Burger King Worldwide (NYSE: BKW) released its third quarter results early Monday morning. It wasn’t a whopper, but the company wasn’t walloped either. Diluted earnings per share increased 31.6 percent, or by 23 cents per share. Adjusted Earnings Before Interest, Taxes, Depreciation and Amortization (or, EBITDA) had a 16.7 percent increase to $176.0 million.
The company posted the good numbers even though comparable system-wide sales growth was 0.9 percent for the quarter, compared to 1.4 percent for the third-quarter last year. Total revenues for the quarter stood at $275.1 million, down from third-quarter 2012′s $455.7 million. The release said the positive results were “primarily due to lower depreciation expense as a result of our global refranchising initiative and lower interest costs as a result of last year’s refinancing.” The company also lowered management and administrative costs.
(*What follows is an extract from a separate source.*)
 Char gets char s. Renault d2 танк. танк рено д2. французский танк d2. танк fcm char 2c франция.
U.S. comparable sales growth was down, 0.3 percent. In the third-quarter of 2012, the company had comparable sales growth for the U.S. of 1.6 percent.Positive sales growth came from Europe, the Middle East and Africa, and the Asia Pacific region. Burger King added more franchises in both regions, as well as in Latin America for a total of 133 new stores opened this quarter. It closed thirteen franchises in the U.S.
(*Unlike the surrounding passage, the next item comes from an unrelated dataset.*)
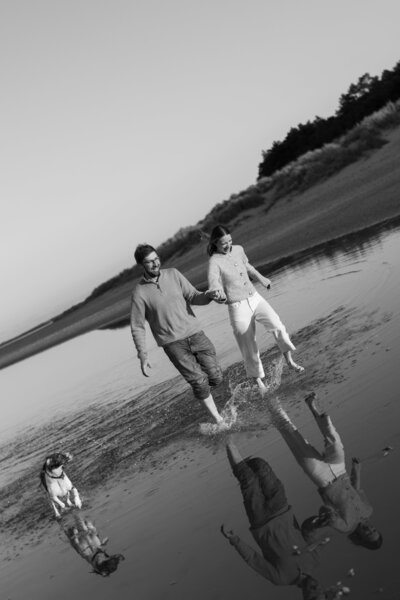 suffolk couple photographer aldeburgh fun relaxed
The company saw enough positive indications from overseas to revise its fourth quarter expectations on earnings per share up, from 6 cents for the quarter, to 7 cents. Burger King also hopes to regain some of the U.S. market with the launch of a healthier fry, what Burger King calls SATISFRIES.
Daniel Schwartz, Burger King’s CEO said, “We believe that new products like this, combined with our focus on improving operations will enhance the guest experience and drive increased restaurant profitability. Our exceptional franchisees, partners and employees are aligned to execute on our strategy and we expect to finish 2013 strong.”